BEGIN Dataset content
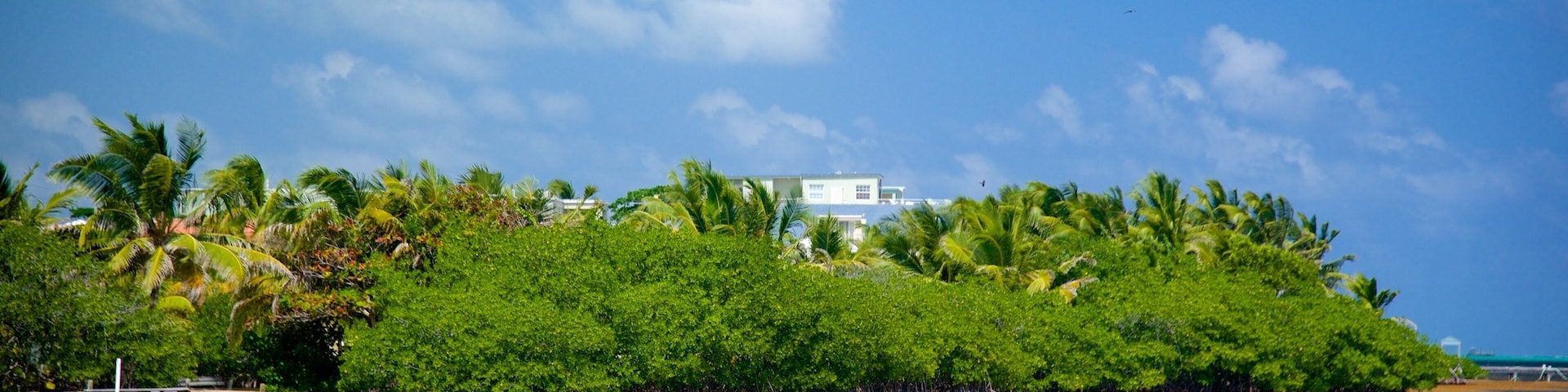 A tropical beach with clear turquoise waters, palm trees, and a white building on a hill.
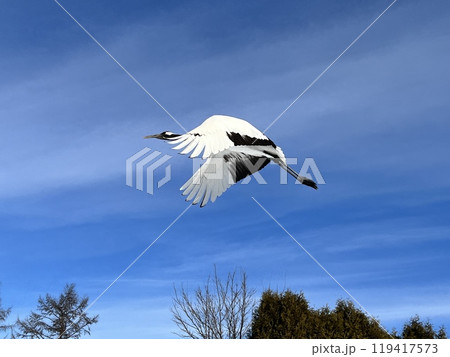 丹頂 丹頂 119417573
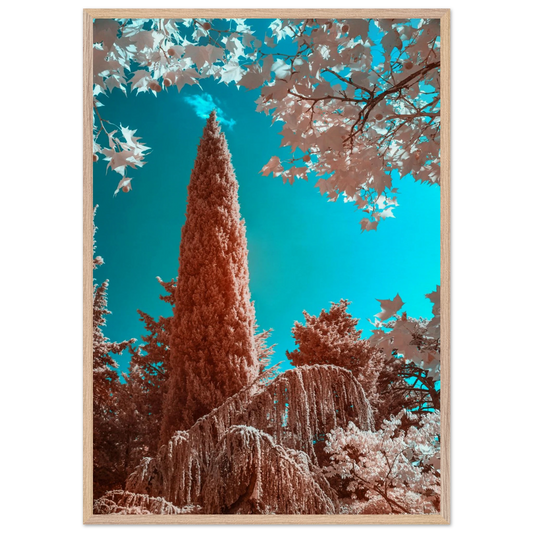 f837767c-ed8d-4bf7-989b-6f7118b44df4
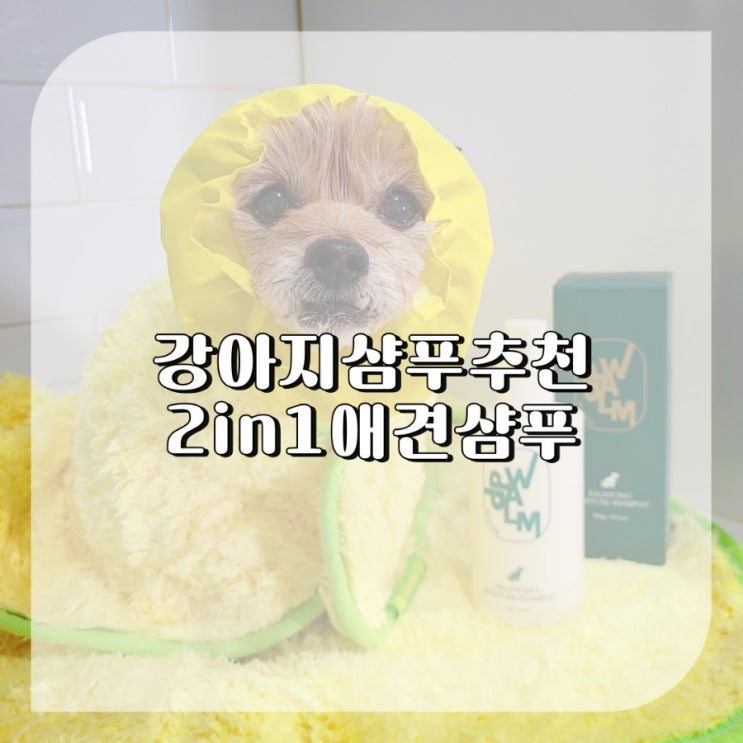  강아지각질샴푸 노견 피부 보습에 순한 펫샴푸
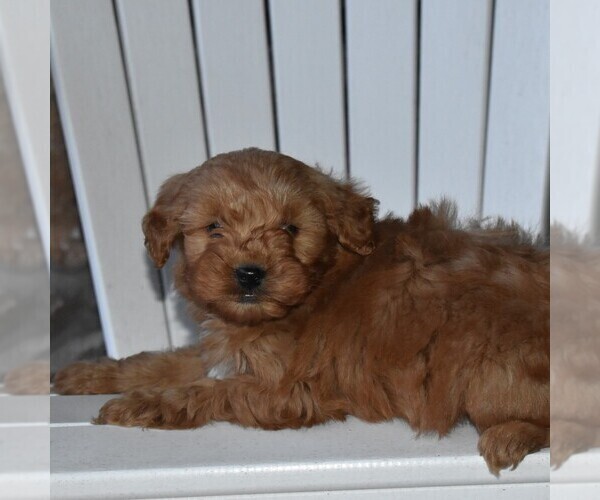 Medium Photo #2 Goldendoodle-Poodle (Miniature) Mix Puppy For Sale in MIFFLINTOWN, PA, USA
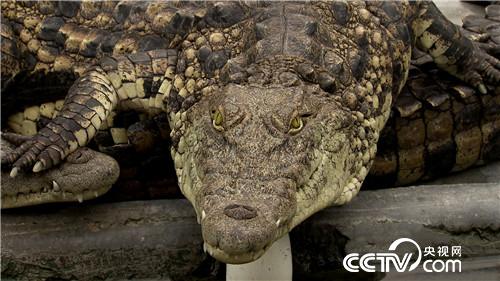 [�¸���(j��ng)]ꑵ�ˮ�ﶼٍ�X(qi��n) �ɂ�(g��)�a(ch��n)�I(y��) 3�|ؔ(c��i)�� 20181115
END Dataset content
(What needs to be done) If pictures appear in the data, omit them and copy all other parts exactly.

(Answer for the task)
 A tropical beach with clear turquoise waters, palm trees, and a white building on a hill.
 丹頂 丹頂 119417573
 f837767c-ed8d-4bf7-989b-6f7118b44df4
  강아지각질샴푸 노견 피부 보습에 순한 펫샴푸
 Medium Photo #2 Goldendoodle-Poodle (Miniature) Mix Puppy For Sale in MIFFLINTOWN, PA, USA
 [�¸���(j��ng)]ꑵ�ˮ�ﶼٍ�X(qi��n) �ɂ�(g��)�a(ch��n)�I(y��) 3�|ؔ(c��i)�� 20181115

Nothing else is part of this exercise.